Restate every line below word for word, but drop each picture.

### Collected data entries
• • • • •

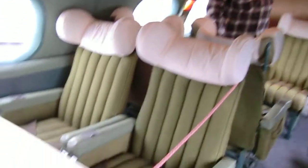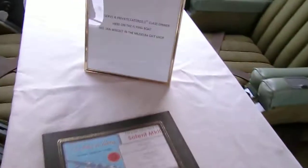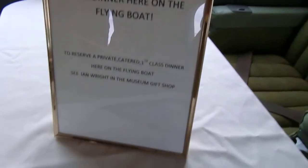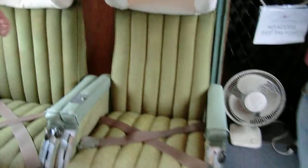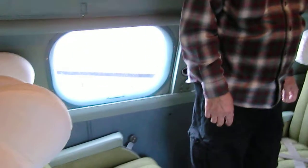Back here there's an escape hatch. We've taken the cover off and put a screen in, because it gets quite warm up here on warm days, so that helps get a little air up here.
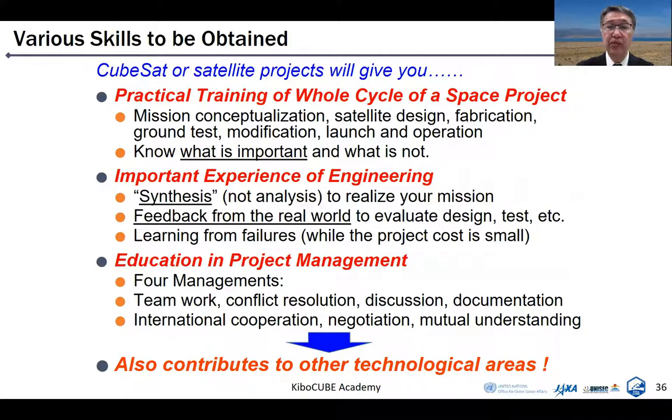Do you know the four management tasks which are very important? Time, human resource, cost, and risk. Teamwork, conflict resolution, discussion, and documentation are also very important management tasks. Sometimes you launch your satellite in a foreign country, and then international cooperation, negotiation, and mutual understanding will be required. As a result, this kind of training will also contribute to other technological areas as well.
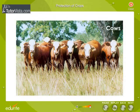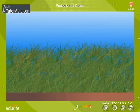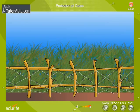Grass eating animals like cows, goats and buffaloes eat crops if they get a chance. Proper fences of barbed wire are made to prevent the entry of these animals.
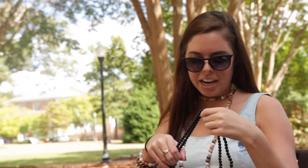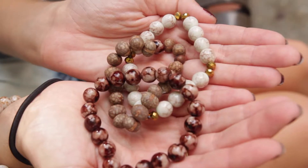And then I have this black wrap — wraps are really in right now. I have a couple of these, but I always try to add different stones or tassels to them to make them unique.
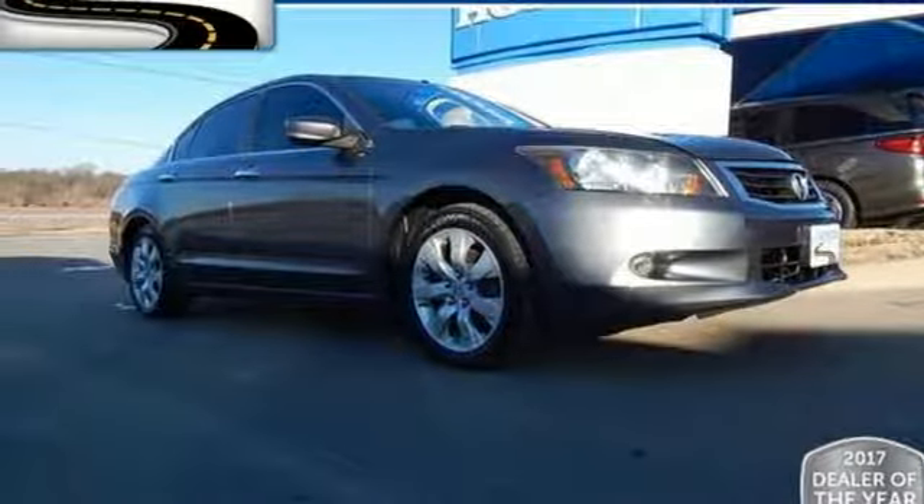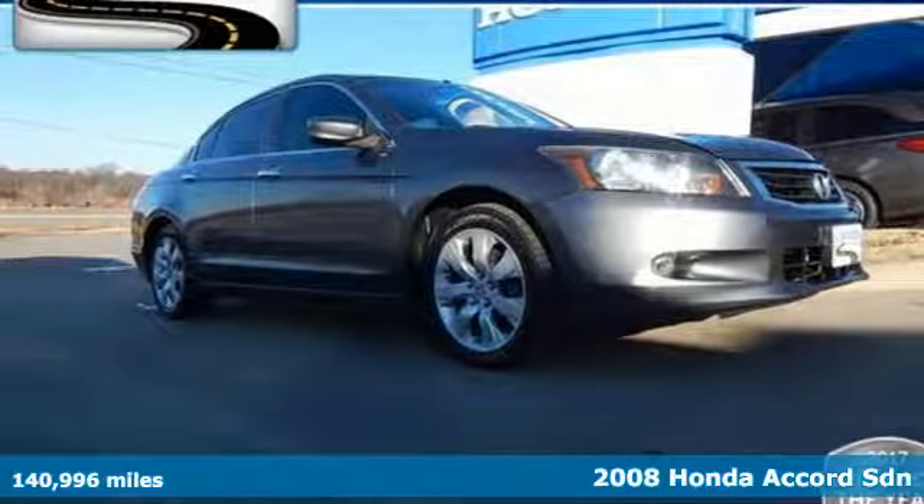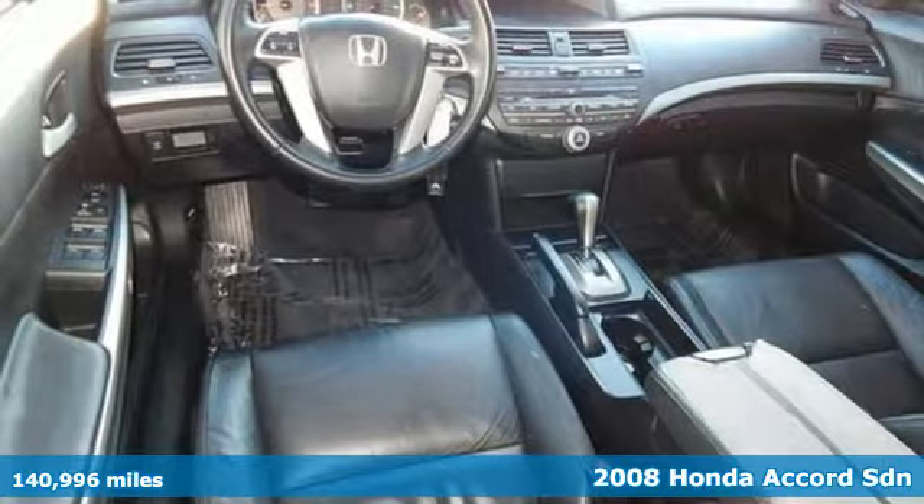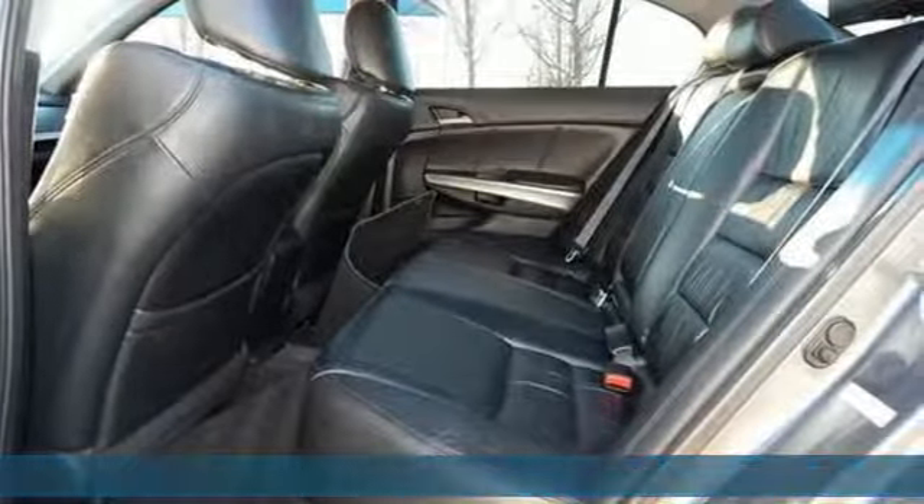It's a 2008 Honda Accord sedan. Honda made no compromises with this luxurious and practical Accord. You'll look forward to every drive with features like these.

• • • • •

### Written response
Back here there's an escape hatch. We've taken the cover off and put a screen in, because it gets quite warm up here on warm days, so that helps get a little air up here.
Do you know the four management tasks which are very important? Time, human resource, cost, and risk. Teamwork, conflict resolution, discussion, and documentation are also very important management tasks. Sometimes you launch your satellite in a foreign country, and then international cooperation, negotiation, and mutual understanding will be required. As a result, this kind of training will also contribute to other technological areas as well.
Grass eating animals like cows, goats and buffaloes eat crops if they get a chance. Proper fences of barbed wire are made to prevent the entry of these animals.
And then I have this black wrap — wraps are really in right now. I have a couple of these, but I always try to add different stones or tassels to them to make them unique.
It's a 2008 Honda Accord sedan. Honda made no compromises with this luxurious and practical Accord. You'll look forward to every drive with features like these.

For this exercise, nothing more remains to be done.